_WORK ITEM_
Among the entries below, the lines from the one with "Bola de Cristal" up to and including the one with "immagine della webcam" are to be restated exactly, without pictures.

_DATA FOR THE TASK_
____________
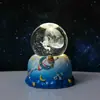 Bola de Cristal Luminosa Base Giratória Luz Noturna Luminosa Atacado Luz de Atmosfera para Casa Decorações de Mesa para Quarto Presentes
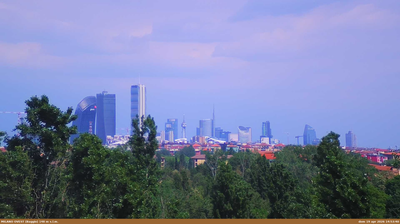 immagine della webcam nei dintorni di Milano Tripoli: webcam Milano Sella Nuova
____________
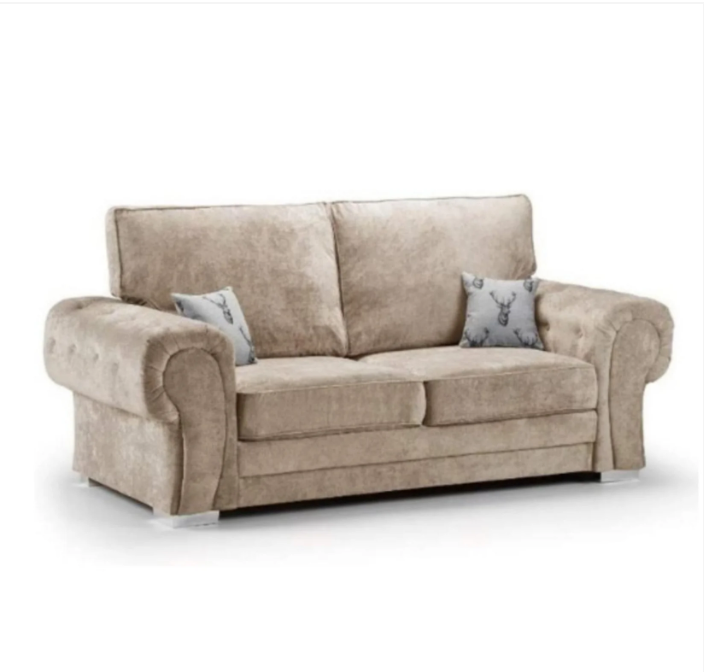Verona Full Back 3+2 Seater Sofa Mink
____________
_WRITTEN RESPONSE_
 Bola de Cristal Luminosa Base Giratória Luz Noturna Luminosa Atacado Luz de Atmosfera para Casa Decorações de Mesa para Quarto Presentes
 immagine della webcam nei dintorni di Milano Tripoli: webcam Milano Sella Nuova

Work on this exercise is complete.